Thanks Balazs, I will try some more "controlled" testing using different settings for syslog-ng resolving and caching. I think I installed libgeopi-dev (not sure right now - it's installed on a system at work) so I'll check that package also. One question on code paths: If I use an IP address pattern in patterndb (within the message - e.g. proxy or email logs) where a ${GEO} macro was assigned, will those be the only things that get resolved? (or by setting a cache within the syslog-ng config will that enable resolution for ${HOST} as well? I am (mostly) interested in things like user access to sites by IP address through the proxy, and wanting to enhance the logs with geoip data for elasticsearch. (obviously if it were fast enough, I would add the data for all sites - but initially I think IP only would be more interesting) Thanks again! Jim On 02/22/2015 02:35 PM, Balazs Scheidler wrote:
Hi,
I would think that adding forward DNS lookups to the syslog-ng dns cache code (or ripping out that code entirely and rewrite it from scratch while adding this feature) would produce _much_ better results than a locally running DNS server. That's why the DNS cache code was added in the first place, a caching only name server is still too slow for name lookups for every message posted.
The geoip code uses libgeoip1.
The database is:
$ apt-cache show geoip-database Package: geoip-database Priority: standard Section: net Installed-Size: 3881
Version: 20140313-1 Recommends: libgeoip1 Breaks: libgeoip1 (<< 1.4.5.dfsg) Filename: pool/main/g/geoip-database/geoip-database_20140313-1_all.deb Size: 1195894 MD5sum: ab4d4f6bc0e04b25cad2fbe1479f44bc SHA1: 06d38aee4084124f86351dfa6f1c404a8ae3e83b SHA256: 30dc5a2c3296180ed0740fb4ec70eb1ea5b49efc5e48a091913a8106f6895c7e Description-en: IP lookup command line tools that use the GeoIP library (country database) GeoIP is a C library that enables the user to find the country that any IP address or hostname originates from. It uses a file based database. . This database simply contains IP blocks as keys, and countries as values and it should be more complete and accurate than using reverse DNS lookups. . This package contains the free GeoLiteCountry database.
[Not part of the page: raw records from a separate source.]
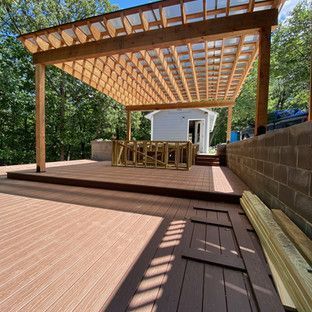 Wooden deck with pergola. Bar area under the structure, with a retaining wall and woods in the background.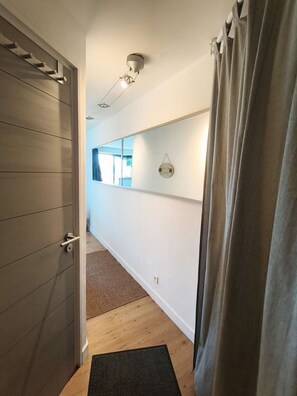 Ein Korridor mit einer Holztür, einer schwarzen Fußmatte, einer Wandleuchte und einem Fenster.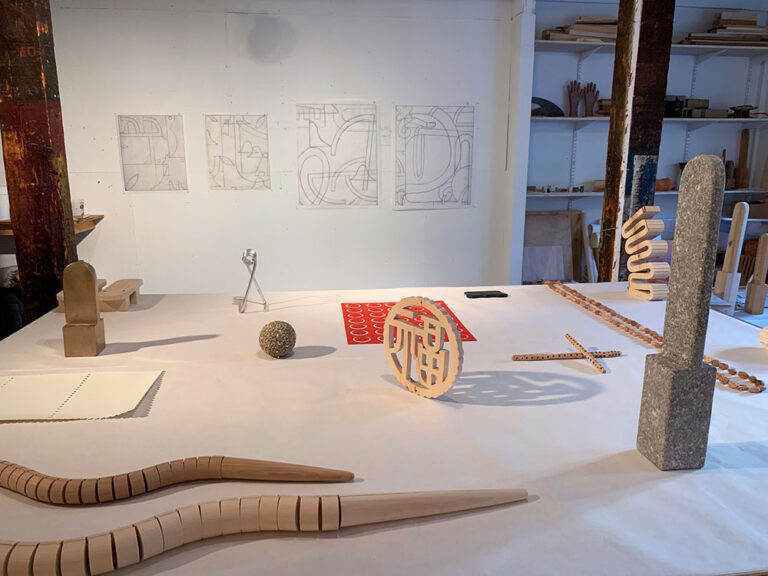 A glimpse of Elizabeth's Atterbury's studio, which features a white table with objects artfully arranged on it: segmented snakes, strings of wooden beads, an enlarged clothespin spring, wooden sandal soles, and more. On the wall behind the table are graphite drawings on white paper of some of these objects and other abstract shapes.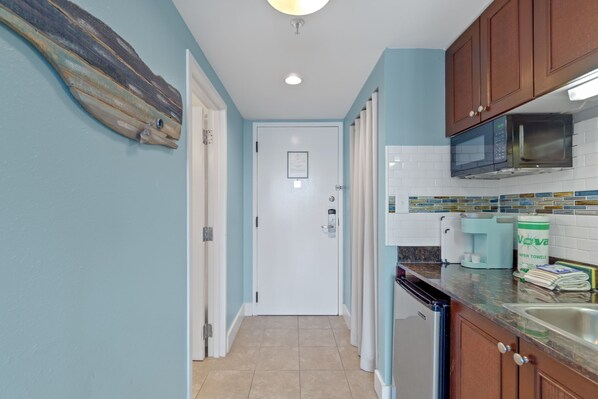 A kitchen with a microwave, coffee maker, and paper towel dispenser. - Peaceful Bay 6386-Bay View-Sleeps 4 (Miramar Beach)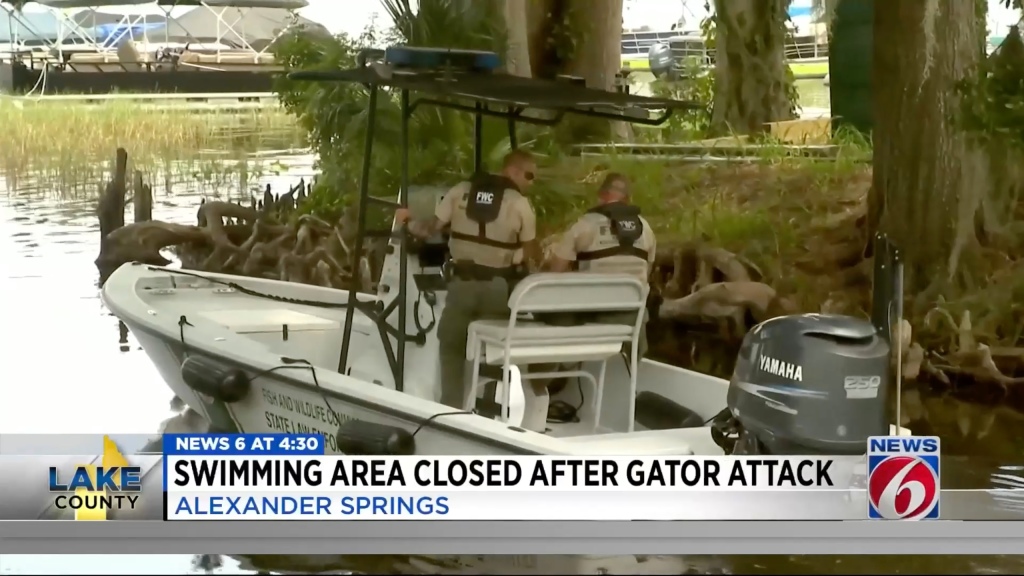 Officials on a boat near the spring.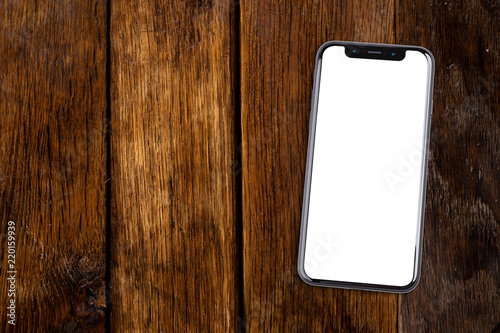Smartphone lies on a wooden table. Isolated white screen with copy space.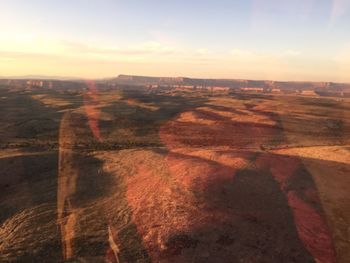 Scenic view of landscape against cloudy sky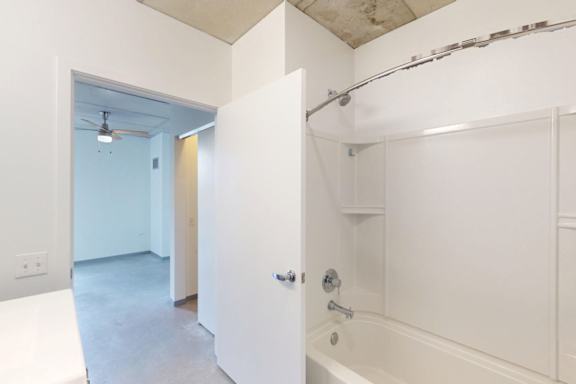 A white bathroom with a tub and a shower.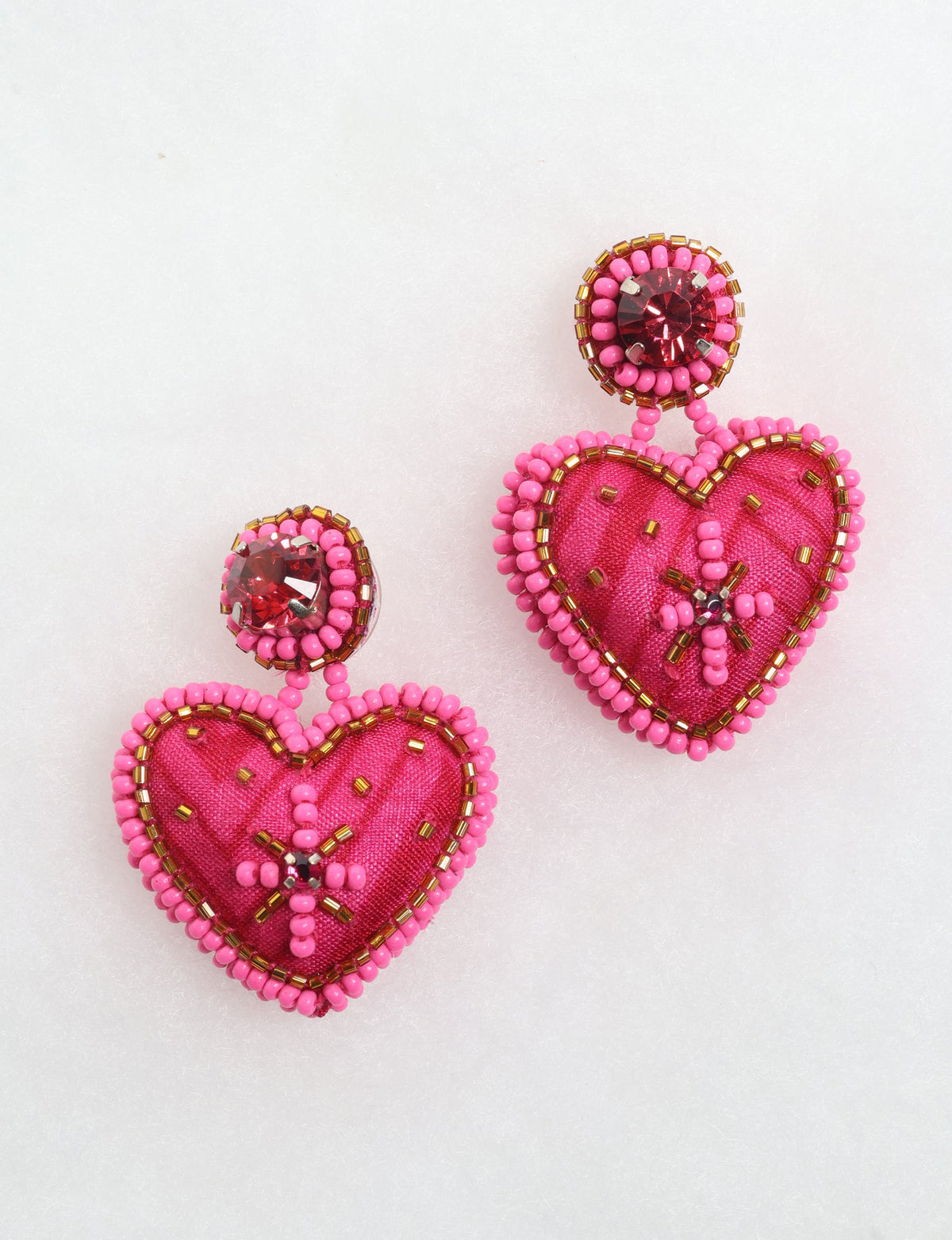Pink fabric heart drop earrings with pink and gold bead trim and red rhinestone studs, shown flat on white background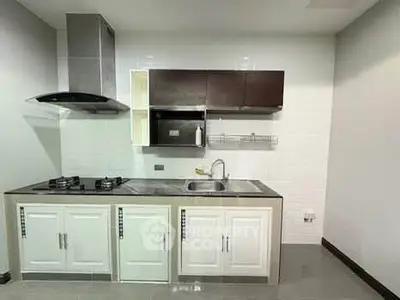 Modern kitchen with sleek cabinetry and gas stove in a compact layout.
Description-md5: 3bfa5b4c9f973261799fb4d9355f3b6c Homepage: http://www.maxmind.com/ Bugs: https://bugs.launchpad.net/ubuntu/+filebug Origin: Ubuntu Supported: 5y Task: standard, kubuntu-active, kubuntu-active, mythbuntu-frontend, mythbuntu-frontend, mythbuntu-desktop, mythbuntu-backend-slave, mythbuntu-backend-slave, mythbuntu-backend-master, mythbuntu-backend-master
So it is about a year old, but quite probably the version in Debian sid can be installed on top without problems, and that's pretty fresh, being dated 9th February.
https://packages.debian.org/sid/geoip-database
On Sat, Feb 21, 2015 at 1:24 PM, Jim Hendrick <jrhendri@roadrunner.com <mailto:jrhendri@roadrunner.com>> wrote:
Hi Fabian, I have done just some preliminary testing (maybe 1500 EPS for a few minutes) and was seeing a lot of dns traffic (~1MB/s)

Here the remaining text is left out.